--- GIVEN INFORMATION ---
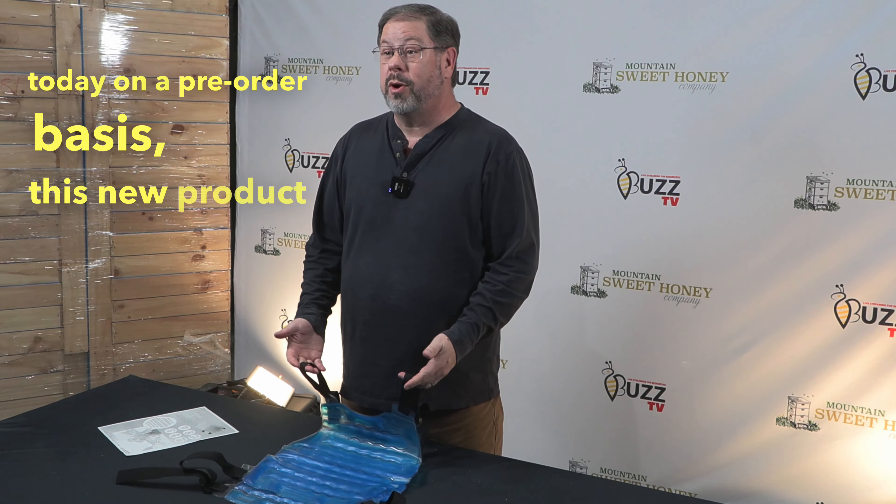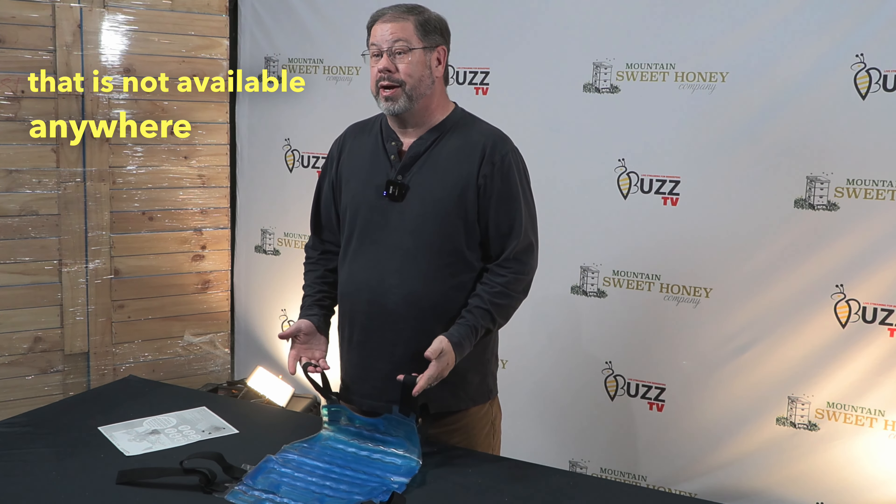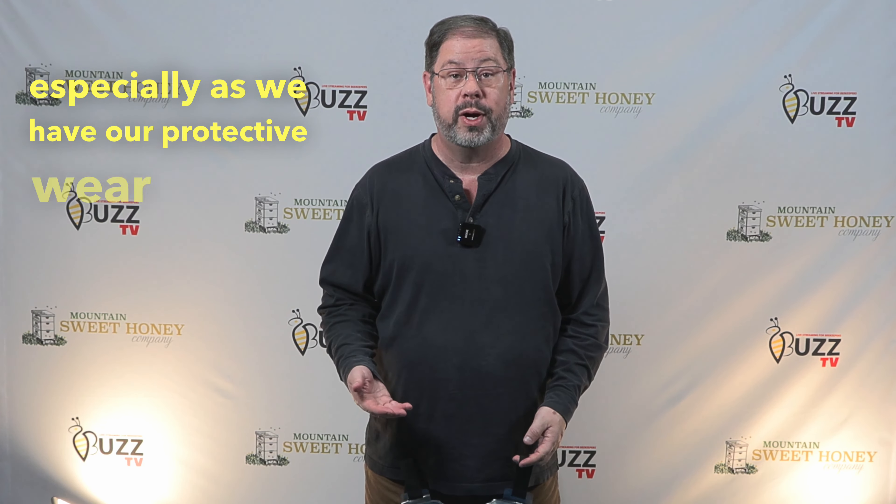Folks, I am so pleased to offer to you today, on a pre-order basis, this new product that is not available anywhere else in the beekeeping world. During July, August, and September are really hot months for us as beekeepers, especially as we have our protective wear on.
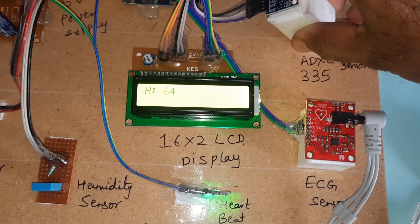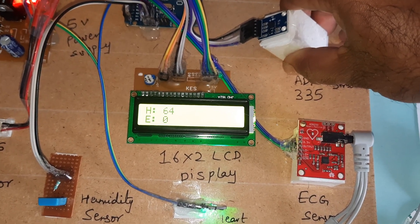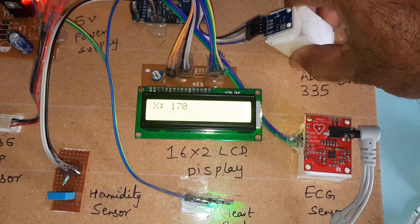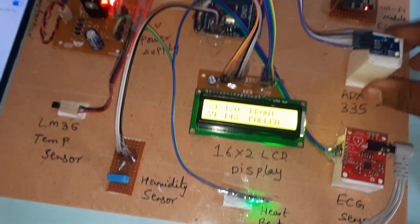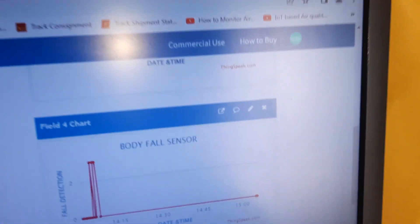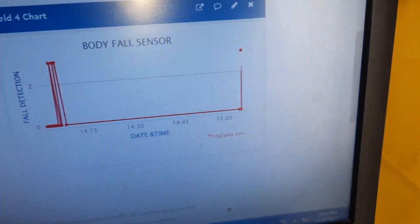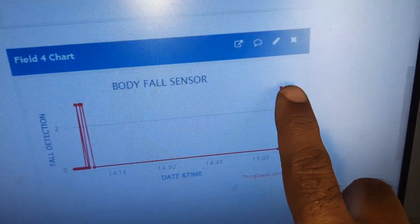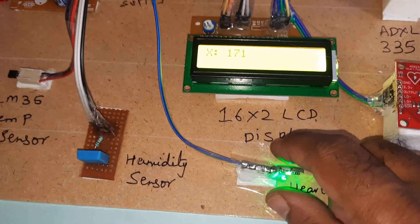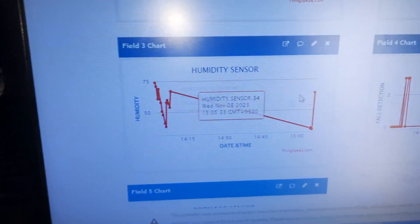Now demonstrating fall detection. 'Front fall in' is triggered and it will update front fall to ThingSpeak. When a fall is detected it shows 'front fall in'; when there is no fall it shows normal position. Whenever heartbeat goes to 90, humidity and temperature also update.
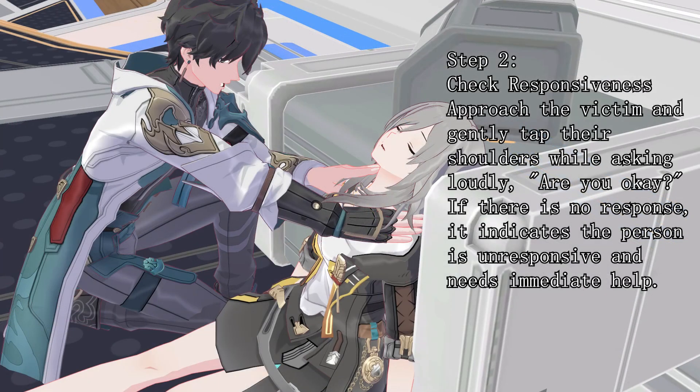Step 2: Check responsiveness. Approach the victim and gently tap their shoulders while asking loudly, "Are you okay?" If there is no response, it indicates the person is unresponsive and needs immediate help.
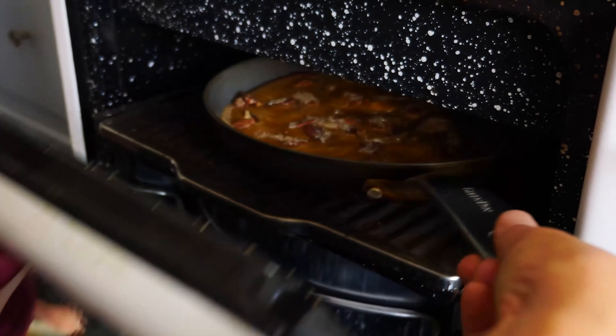Voila! Now comes the best part — eating this baby. Can you hear this caramelized sugar on top? And then on the inside: caramelized banana, melted chocolate, fluffy pancake. This is so good.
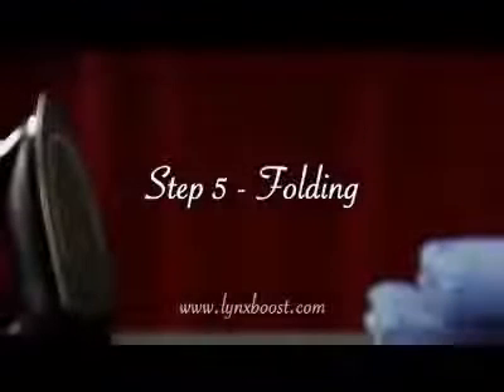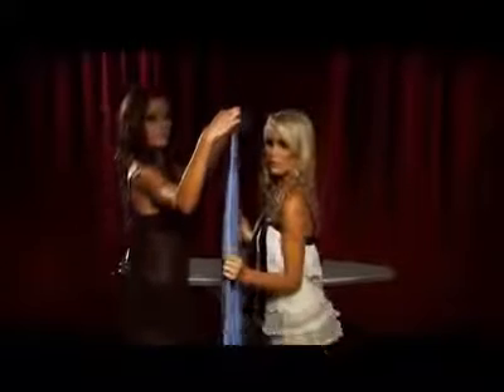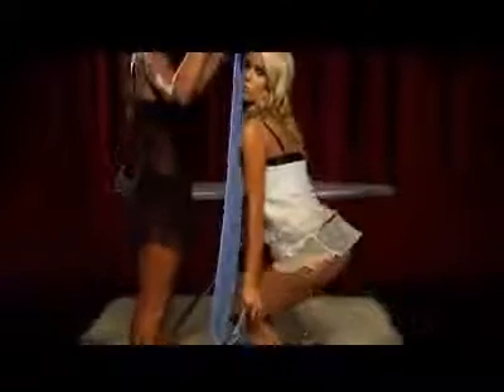Step 5: Folding. Folding your towels correctly will ensure maximum softness. Always fold your towels corner to corner. Folding the towel in thirds will maintain flat edges. A perfect finish.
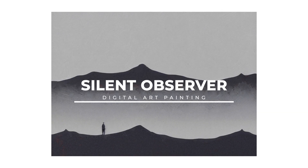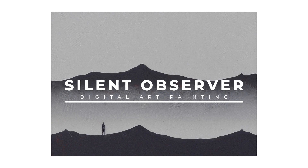Get ready to elevate your perspective with Silent Observer, a minimalist digital painting that captures the essence of contemplation and observation. With its dark figure standing atop a hill, this piece speaks to the contemplative nature within us all.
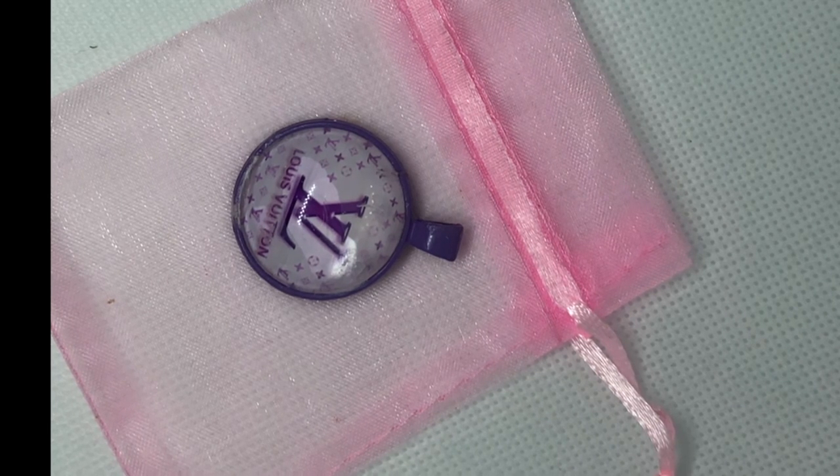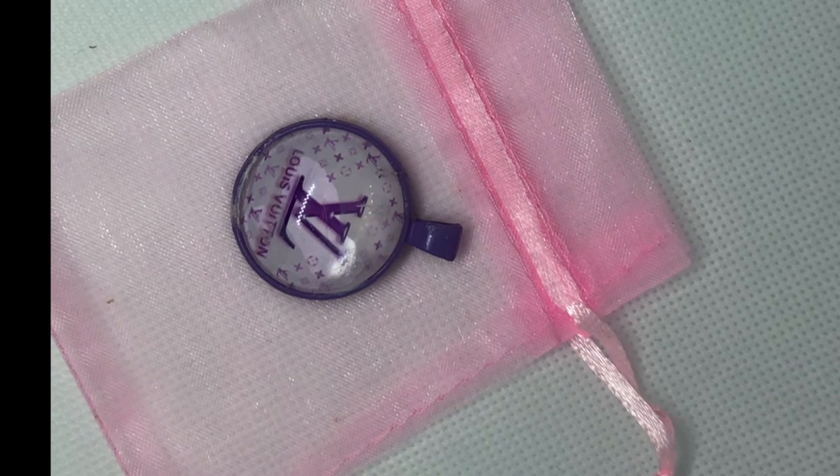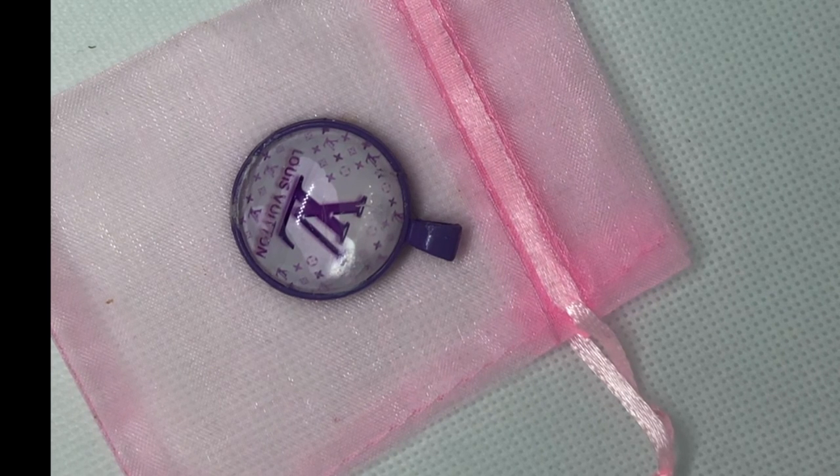I try my hardest to make charms and not get air bubbles. Nobody is perfect — you literally have to babysit the charms to make sure an air bubble doesn't appear out of nowhere. If you have that issue and it happens to you, guess what — it happens to us all. It happens to the best of us, believe it. This is what I do.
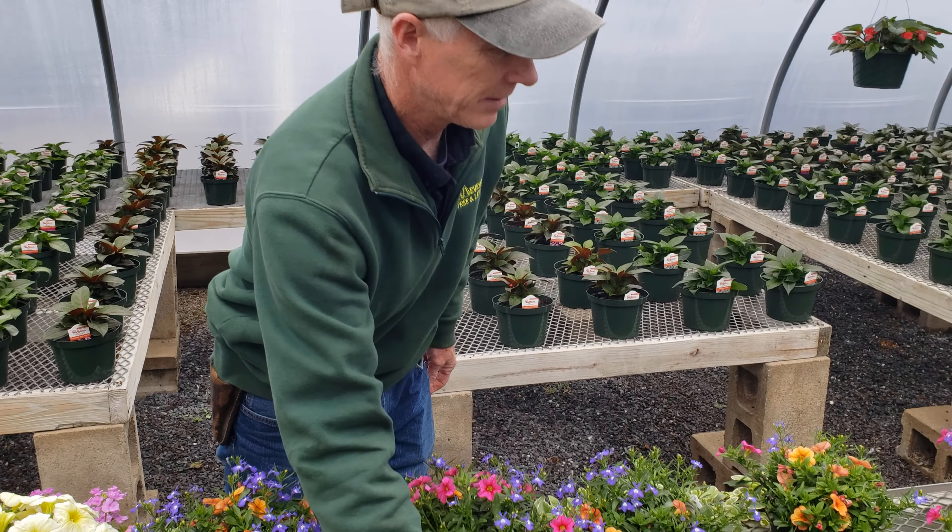Let's keep going — you can see more mixed containers of super bells and mixed varieties with verbenas and petunias. Now I'm coming up on another popular shade plant: fuchsias. Fuchsias can take a little bit of morning sun but really don't like the afternoon sun, so I'd say part shade, half and half. They're just starting to flower. There are two varieties — one called Swing Time with a red and white flower, and Dark Eyes which is purple. They come in 10-inch and 12-inch clay-colored plastic pots.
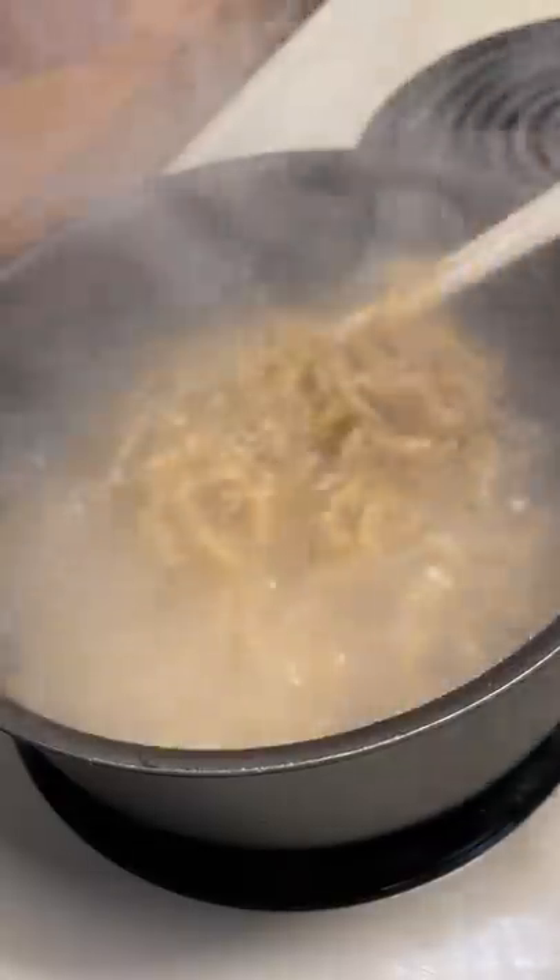I have some leftover Naruto ramen, so naturally I'm going to try to roll it in rice paper to see how it tastes.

--- ASSIGNMENT ---
Leave the pictures out. Transcribe exactly the lines from the one with "I try my hardest" through the end of the records.

--- SOLUTION TO THE PROBLEM ---
I try my hardest to make charms and not get air bubbles. Nobody is perfect — you literally have to babysit the charms to make sure an air bubble doesn't appear out of nowhere. If you have that issue and it happens to you, guess what — it happens to us all. It happens to the best of us, believe it. This is what I do.
Let's keep going — you can see more mixed containers of super bells and mixed varieties with verbenas and petunias. Now I'm coming up on another popular shade plant: fuchsias. Fuchsias can take a little bit of morning sun but really don't like the afternoon sun, so I'd say part shade, half and half. They're just starting to flower. There are two varieties — one called Swing Time with a red and white flower, and Dark Eyes which is purple. They come in 10-inch and 12-inch clay-colored plastic pots.
I have some leftover Naruto ramen, so naturally I'm going to try to roll it in rice paper to see how it tastes.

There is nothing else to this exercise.